А вот еще одна беседа — с Николаем Солнцевым, незаметным актером МХТ. В послевоенные годы он работал научным сотрудником в Доме-музее К. С. и всем рассказывал, что он — «духовный сын Станиславского». Вот как этот «сын» охарактеризовал Полякову своего «духовного отца»:
«Скупой, но отзывчивый человек».
«Вникал в мелочи быта». Имел «75 костюмов и 40 пар обуви (все под номерами). Не надевал, ходил в самом простом».
«Никому не доверял ключей».
«Плюшкин».
«Был очень двуличен»…
Даже незлобивый Николай Телешов, директор Музея МХАТ, добавит: «Не был вполне искренен в отношениях с людьми». А ведь всего несколько месяцев до «бесед» К. С. письмом благодарит Телешова, приславшего от имени музея к его юбилею альбом фотографий: «Меня очень тронуло Ваше внимание и та любовь, с которой этот альбом был подарен».
Вот и выходит: «Слова, слова, слова»…
Мог ли молодой психолог, опираясь на одни лишь слова, понять природу гениальности? В который раз в них предстали извечная слепота человеческая, эгоизм, завистливая безжалостность и безнаказанность посмертных оценок. И как вообще трудно понять природу происхождения этих категоричных оценок, кардинально расходящихся с истиной.

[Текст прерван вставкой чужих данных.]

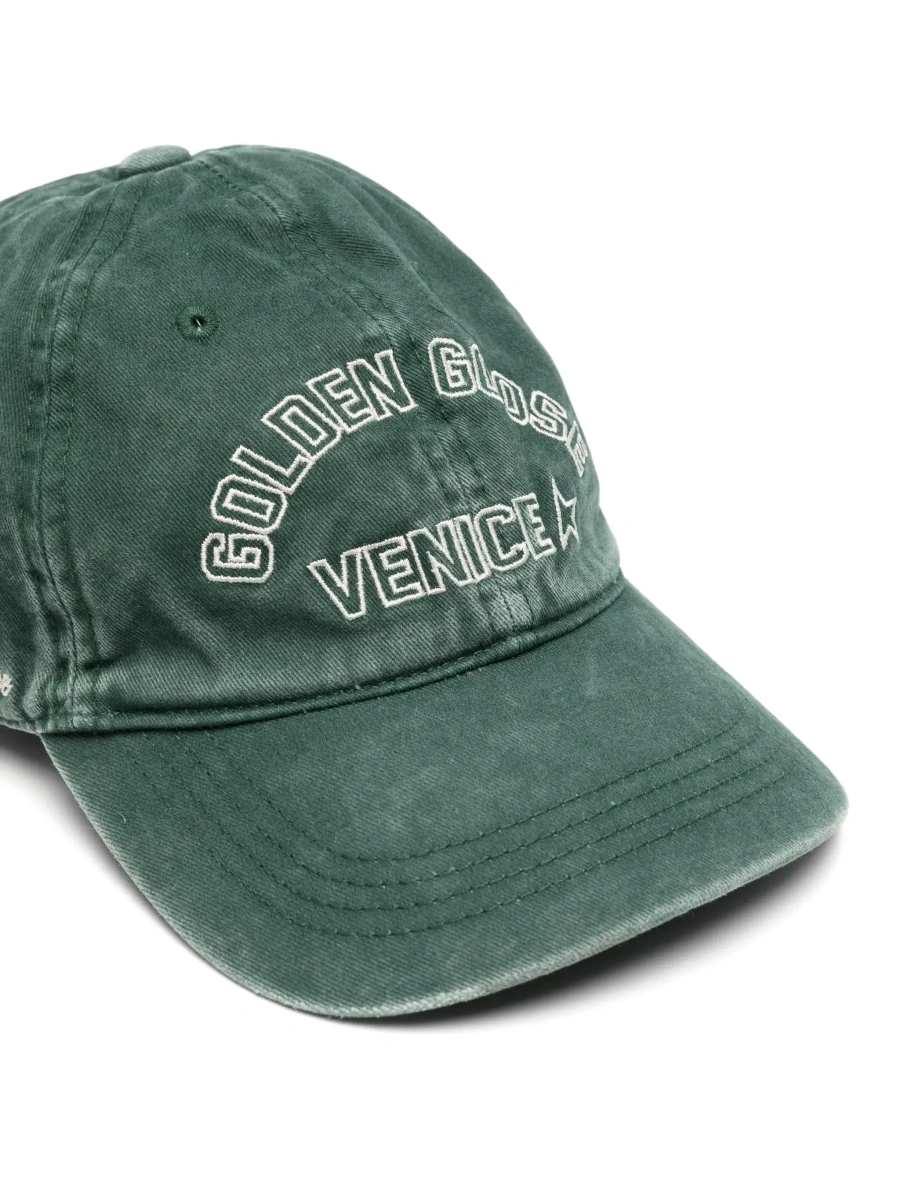 Sapca Green Baseball Cap with Maxi Logo Lettering on the Front in Cotton for Women - Img 5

Впрочем, что значат для репутации Станиславского почти никому до сих пор еще неведомые «беседы» Полякова по сравнению со знаменитым «Театральным романом» Булгакова, где возникает и вовсе карикатурный образ полубезумного, но достаточно вредного старика-хулигана, который давно уже оторвался от жизненных реалий, однако продолжает терроризировать всех своими неожиданными выходками. У него осталось только привычное ощущение власти, граничащей с вседозволенностью. Упоение нелепыми фантазиями больного рассудка. А еще — погруженность в закулисные интриги, угодливо и расчетливо сообщаемые ему мелкими, хитрыми людишками, которыми он себя окружил.